In connection with this purchase agreement, CCI entered into a financing and
security agreement with Motorola, Inc. ("Motorola") for the equipment stated
above. This agreement allows CCI to borrow up to a total of $5,000,000 (the
"Loan Facility"). The Loan Facility is available for draw downs during the
effective term of the purchase agreement. The Loan Facility allows no more than
one draw down per month. Each of the draw downs will be evidenced by a
promissory note (the "Promissory Note"). Principal and interest on the
Promissory Note are payable in arrears monthly from the date of each funding
for a period of 36 months from the fund date. The Loan Facility agreement
closed on October 25, 1996 and is subject to certain pledges, representations,
warrants and covenants. As a part of the financing provided pursuant to the
purchase agreement between CCI and Motorola, the Company executed a guaranty
and security agreement with Motorola, pursuant to which the Company
unconditionally and irrevocably guarantees the obligations of CCI under the
purchase agreement. The guaranty and security agreement contains various
financial and other covenants of the Company. As of March 31, 1997, the Company
is indebted for $329,351 under the loan facility.
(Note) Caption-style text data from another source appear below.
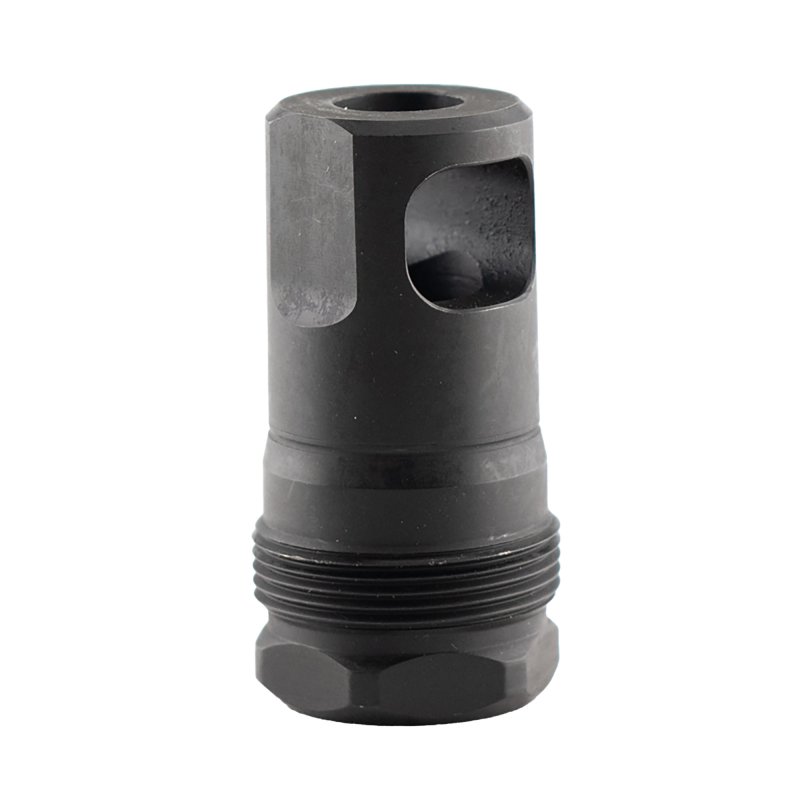 Rearden 10007 0.375 Cal 5/8-24 Thread Black Muzzle Brake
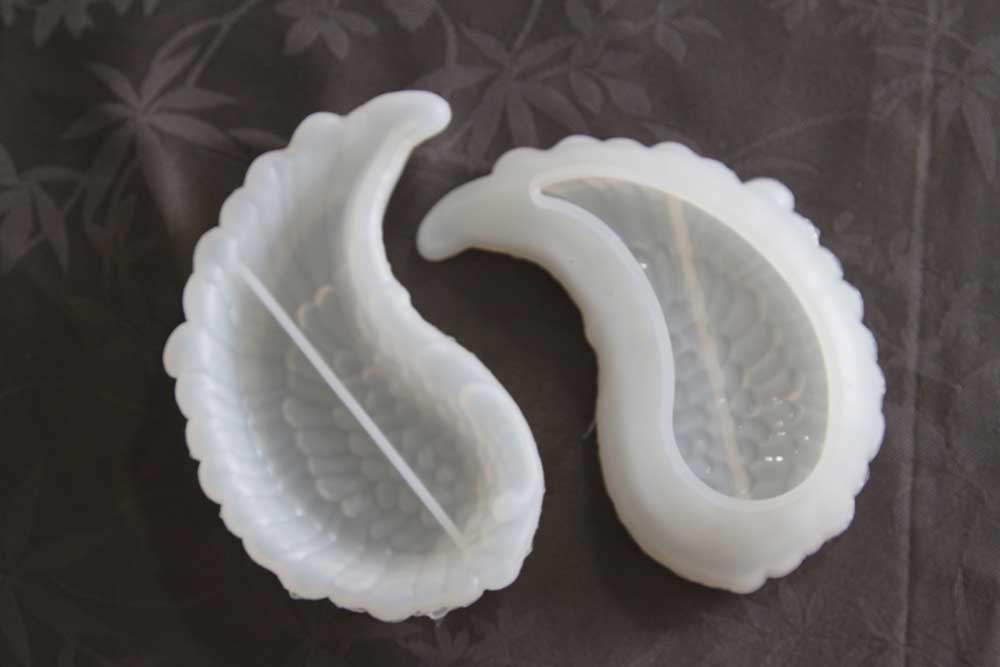 Silicone Mould - Single Angel side Wing Jewelry Tray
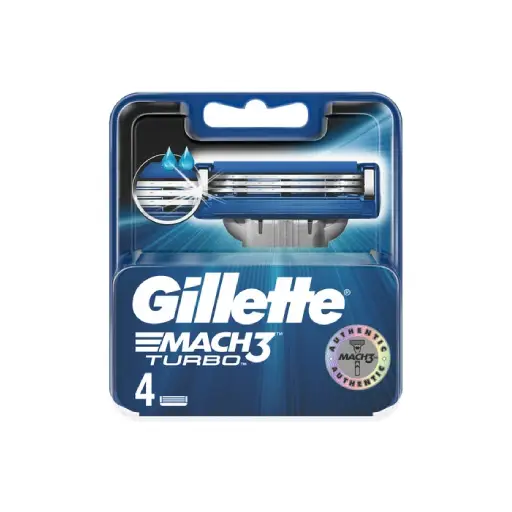 Gillette Mach3 Turbo Blade refills x4 pack may vary Gillette Mach3 Turbo Blade refills x4 pack may vary
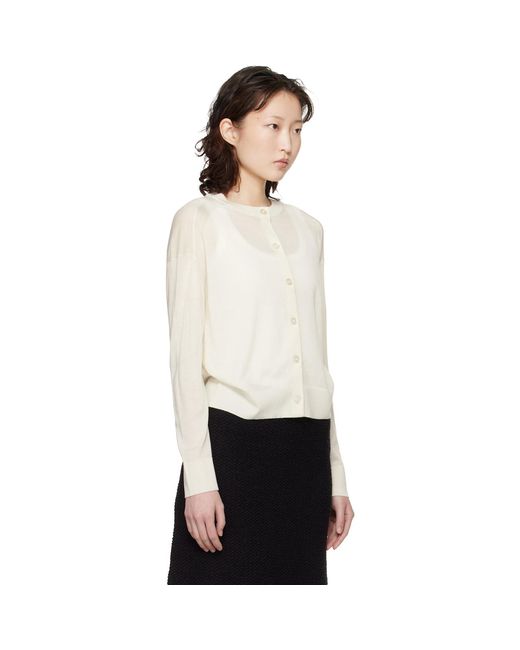 Loulou de Saison White Off- Kita Cardigan
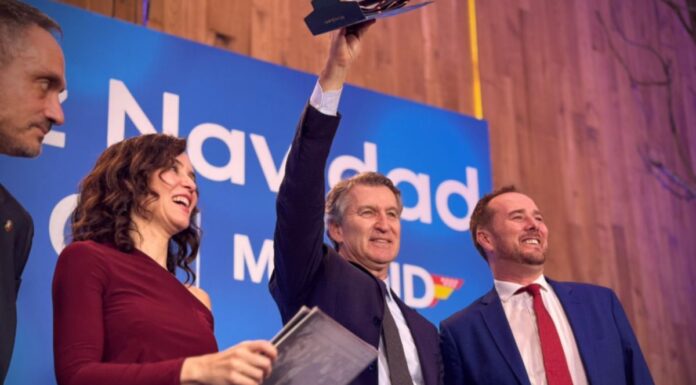 Alcorcón acoge la Cena de Navidad del PP de Madrid con Feijóo, Ayuso y más de mil asistentes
In February 1997, the Company executed a Securities Placement Agreement to place
a minimum of $1,000,000 and maximum of $4,000,000 of the Company's three year,
8%, convertible Debentures. Principal and interest are convertible into shares
of the Company's common stock. The Securities Purchase Agreement calls for the
issuance of 75,000 warrants to purchase shares of the Company's common stock at
an exercise price of $2.50 per share for each $1 million of 8% convertible
debentures placed. The warrants are exercisable for three years from date of
grant. On February 19, 1997, the Company placed $1,000,000 of the 8% convertible
Debentures and received $860,000, net of $140,000 of placement fees. The Company
granted 75,000 warrants in connection with the placement. On February 24, 1997,
the Company placed an additional $750,000 of the 8% Convertible Debentures and
received $670,000, net of $80,000 in placement fees. The Company granted 56,250
warrants in connection with the placement.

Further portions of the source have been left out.